Entonces, nos topamos con que los motivos de la ciencia están fundamentados en juicios de valor, que se asumen sin discutirse. Si el hombre intenta huir de un planeta que no supo tutorar desde su “superioridad racional”, ¿por qué es valiosa la vida humana? ¿Por qué merece sobrevivir a una catástrofe natural que él mismo ha creado? Y en caso de que la colonización de Marte y quizá después de otros planetas se hiciera, ¿formaría a un mejor ser humano y una mejor vida?
Materia prima:
Marte es un planeta semejante a la Tierra, con los elementos y materia necesaria para sustentar la vida y la sociedad tecnológica.

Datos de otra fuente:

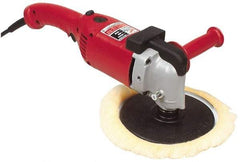 Milwaukee Tool - 7 to 9" Pad Diam, 1,750 RPM, Handheld Electric Polisher - 5/8-11" Spindle Thread, 11 Amps, 120 Volts - A1 Tooling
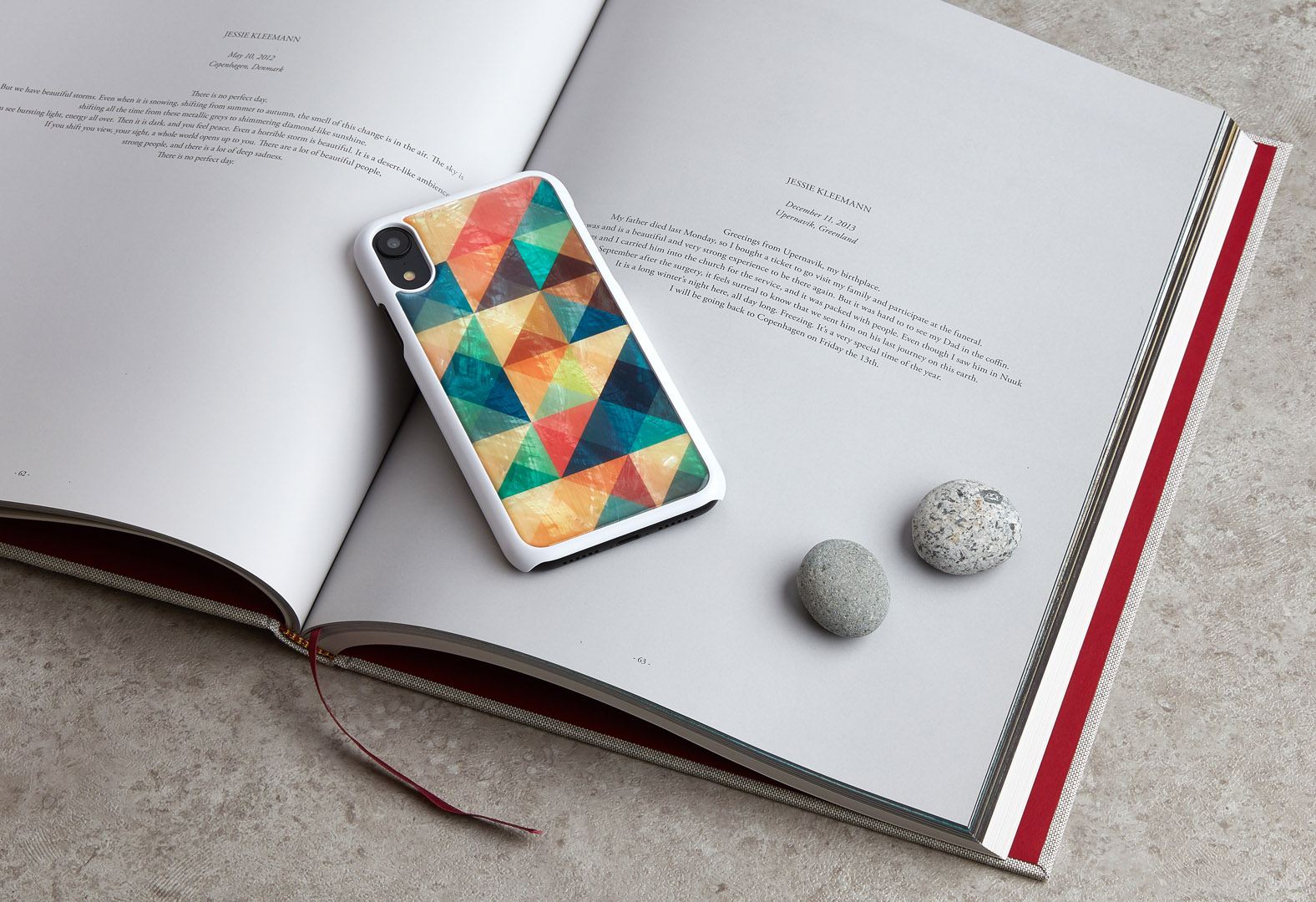 iKins iPhone XR ümbris mosaiik valge - Premium kaitse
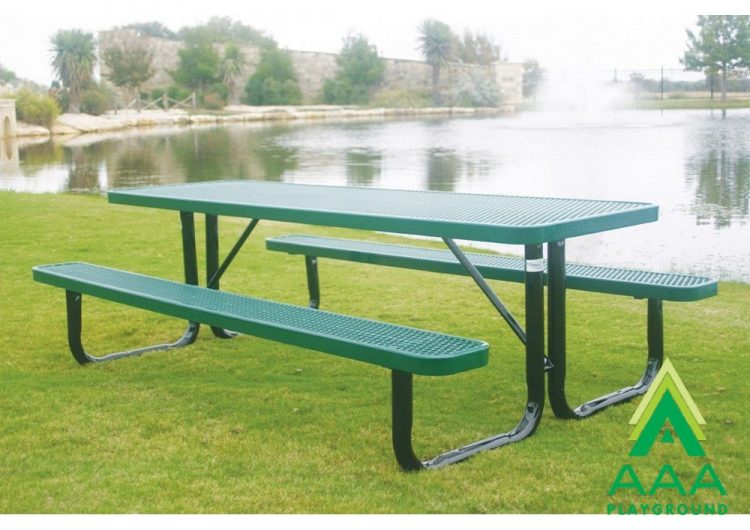 AAA Playground Expanded Metal Portable Frame Picnic Table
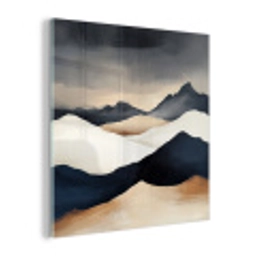 Bergen - Donkerblauw - Landschap plexiglas 5mm klein -z3d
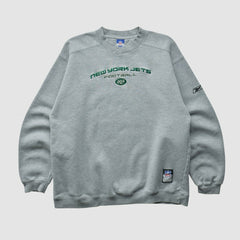 New York Jets Fanatics Reebok 2000s Pullover Sweatshirt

En esta última razón, nos encontramos con la idea de la dominación de la naturaleza. Marte es un lugar como cualquier otro, que no escapa de la racionalidad instrumental-técnica del hombre; un nuevo lugar para explotar, tal y como hemos hecho con la Tierra.

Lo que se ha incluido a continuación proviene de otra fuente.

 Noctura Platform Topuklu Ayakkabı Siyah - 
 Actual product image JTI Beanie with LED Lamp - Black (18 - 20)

Nave aproximándose a Marte Fuente: NASA/JPL-Caltech
¿Quién asegura que la humanidad no destruirá ese planeta? ¿Quién nos da el derecho de privatizarlo y explotarlo? Todas las ciudades humanas deben construirse con materiales nativos, en otras palabras, los materiales para toda construcción provienen del planeta. Esto implica que la colonia en Marte se construiría con materiales marcianos y así comenzaría la explotación y saqueo de sus recursos.
Colonizar Marte enarbolando la bandera de la explotación, la misma explotación que nos ha llevado a una situación extrema en la Tierra, no nos salvará, sólo prolongará la agonía. La destrucción de la naturaleza (terrestre y marciana) para alcanzar la supervivencia de nuestra especie parece inevitable.
Marcuse critica a la tecnología en El hombre unidimensional; afirma que se trata de una nueva forma de dominación humana que se incorpora a la vida misma en forma de comodidad y progreso. La tecnología aliena a los hombres para aceptar sin criticar y seguir reproduciendo desigualdades, injusticias (entre los hombres y con la naturaleza) en nombre de la Razón. En el fondo esta sociedad marciana estará sumergida nuevamente en la “irracionalidad de la racionalidad”, en la explotación justificada por la técnica, la economía, la supervivencia y la fascinación por el progreso. Quizá sea posible colonizar Marte y abandonar al planeta agonizante que por tanto tiempo ha cargado con nuestra vida; escapar del barco para verlo hundirse, pero por mucho que corramos, no podemos huir de la condición humana. Y mientras sigamos siendo lo mismos, sin importar a dónde vayamos, cumpliremos nuestro destino. La colonización en Marte, inevitablemente, está condenada a fracasar desde el comienzo.